The building was designed by architetect CZWG and consists of two four storey brick cubes with two shorter glass towers.
You arrive at the penthouse via a “leather-lined lift” which gives private access to the apartment. Once inside there are two bedrooms with built-in wardrobes, en suite bathrooms and access to the wraparound terrace. Further down the corridor is the master bedroom with its slate sink and glass brick wall.
Then you go upstairs to the seventh floor where you arrive in this huge curved living space with bespoke curved sofas by George Smith of Chelsea. And a word on curved sofas. I featured one from Graham & Green a few months ago. I think it’s a look that’s going to grow in popularity. It won’t work for everyone but if you don’t want the boxiness of a modular sofa and have a large knock through reception or even a wide square one it can be a great way of dividing the space in a subtle way rather than cutting it off with a rectangle or L-shaped sofa. Keep an eye out for them, prices vary enormously and it’s one to consider if you’re thinking of a refurb or need a new one.

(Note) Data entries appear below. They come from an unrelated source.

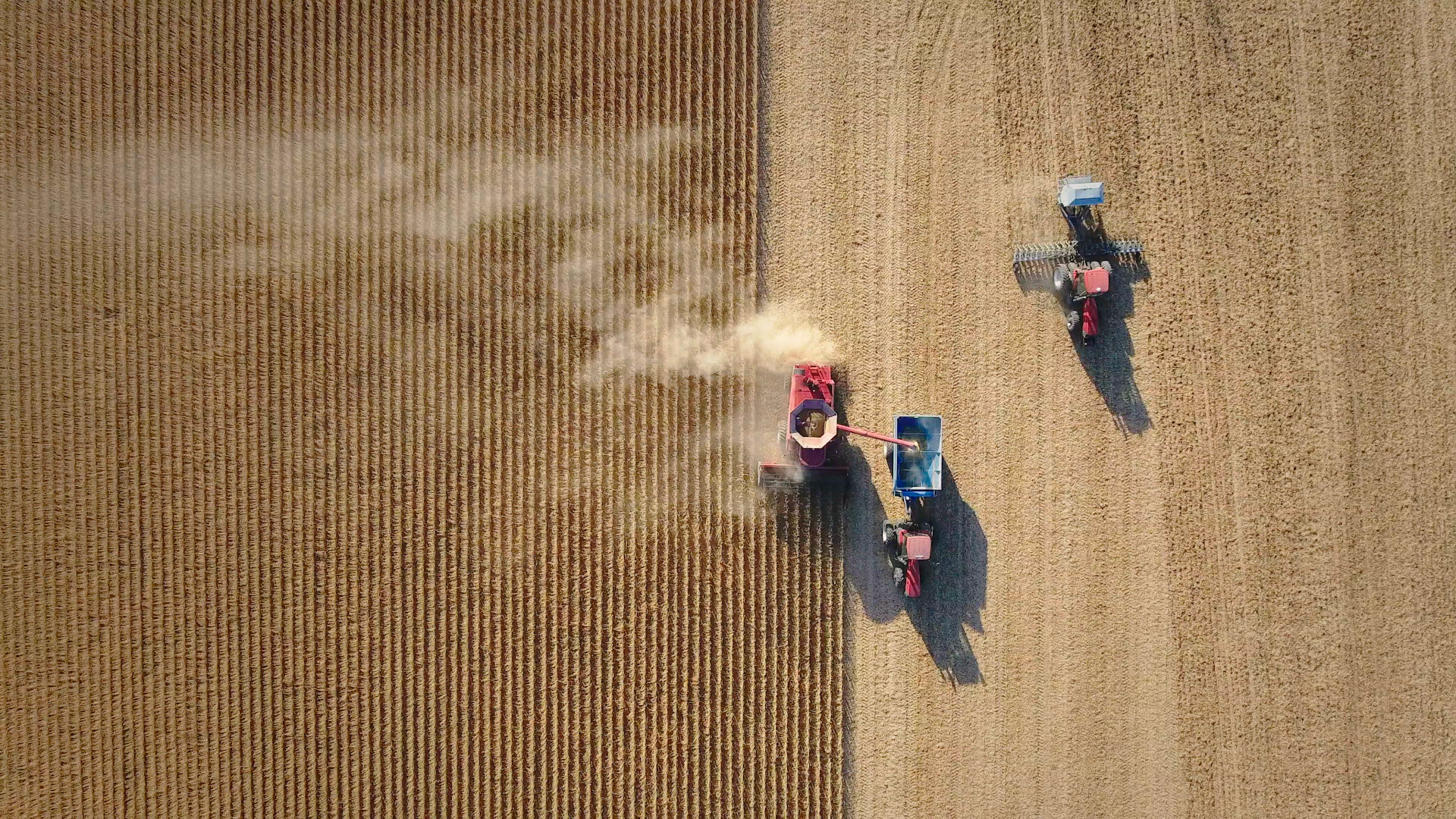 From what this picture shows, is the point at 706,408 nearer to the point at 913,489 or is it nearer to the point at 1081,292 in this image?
the point at 913,489

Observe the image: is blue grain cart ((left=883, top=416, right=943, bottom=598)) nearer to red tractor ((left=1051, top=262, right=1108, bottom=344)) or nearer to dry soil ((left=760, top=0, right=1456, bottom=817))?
dry soil ((left=760, top=0, right=1456, bottom=817))

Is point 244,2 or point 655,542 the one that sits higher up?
point 244,2

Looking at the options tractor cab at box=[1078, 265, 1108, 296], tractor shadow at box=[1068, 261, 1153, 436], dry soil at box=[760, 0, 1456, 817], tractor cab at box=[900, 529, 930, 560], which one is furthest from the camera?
tractor shadow at box=[1068, 261, 1153, 436]

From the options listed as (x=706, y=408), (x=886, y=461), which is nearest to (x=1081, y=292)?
(x=886, y=461)

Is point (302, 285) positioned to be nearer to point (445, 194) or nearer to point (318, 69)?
point (445, 194)

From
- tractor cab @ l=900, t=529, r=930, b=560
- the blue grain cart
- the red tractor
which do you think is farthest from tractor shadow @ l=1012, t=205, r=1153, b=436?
tractor cab @ l=900, t=529, r=930, b=560

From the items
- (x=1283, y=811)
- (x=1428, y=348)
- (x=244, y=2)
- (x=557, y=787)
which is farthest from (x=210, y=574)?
(x=1428, y=348) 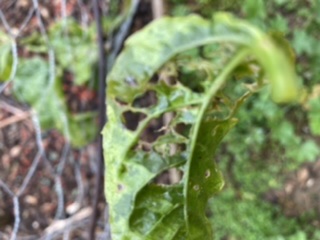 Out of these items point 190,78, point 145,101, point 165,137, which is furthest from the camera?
point 145,101

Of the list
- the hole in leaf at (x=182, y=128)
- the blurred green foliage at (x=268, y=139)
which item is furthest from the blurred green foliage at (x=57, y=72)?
the hole in leaf at (x=182, y=128)

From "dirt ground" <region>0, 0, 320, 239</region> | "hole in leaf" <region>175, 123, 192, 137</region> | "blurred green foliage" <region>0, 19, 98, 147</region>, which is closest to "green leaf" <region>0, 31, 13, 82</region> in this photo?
"blurred green foliage" <region>0, 19, 98, 147</region>

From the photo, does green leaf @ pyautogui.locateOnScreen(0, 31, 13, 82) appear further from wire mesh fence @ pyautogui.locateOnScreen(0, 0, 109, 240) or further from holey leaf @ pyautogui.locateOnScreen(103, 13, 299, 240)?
holey leaf @ pyautogui.locateOnScreen(103, 13, 299, 240)

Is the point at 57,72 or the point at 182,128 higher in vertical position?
the point at 182,128

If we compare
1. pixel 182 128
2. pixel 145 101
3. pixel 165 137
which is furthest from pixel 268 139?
pixel 165 137

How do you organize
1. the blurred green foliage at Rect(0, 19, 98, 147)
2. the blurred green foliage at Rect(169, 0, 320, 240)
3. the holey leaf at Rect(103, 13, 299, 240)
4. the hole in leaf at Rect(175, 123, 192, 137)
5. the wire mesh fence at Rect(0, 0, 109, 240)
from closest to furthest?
the holey leaf at Rect(103, 13, 299, 240) < the hole in leaf at Rect(175, 123, 192, 137) < the blurred green foliage at Rect(169, 0, 320, 240) < the blurred green foliage at Rect(0, 19, 98, 147) < the wire mesh fence at Rect(0, 0, 109, 240)

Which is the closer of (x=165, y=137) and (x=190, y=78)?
(x=165, y=137)

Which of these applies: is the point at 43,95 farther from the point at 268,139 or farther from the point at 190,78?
the point at 268,139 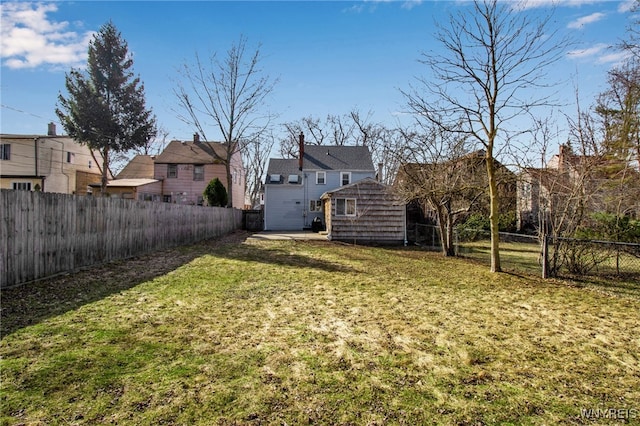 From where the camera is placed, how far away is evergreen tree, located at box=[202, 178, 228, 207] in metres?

The kitchen and dining space are at the back of the building so they benefit from straight walls which is easier for both using and storing stuff.
So what do you think? I feel certain that many of you will prefer the first flat but there is something rather wonderful about this one don’t you think? I love the historic location of this – apparently the original building was the kitchen of the Bishop of Winchester’s London residence which stood for nearly 600 years before being destroyed by fire in 1814.
So, given elastic fantasy funds which is it to be this week? Modern or Period? Or weekdays in one and weekends in another?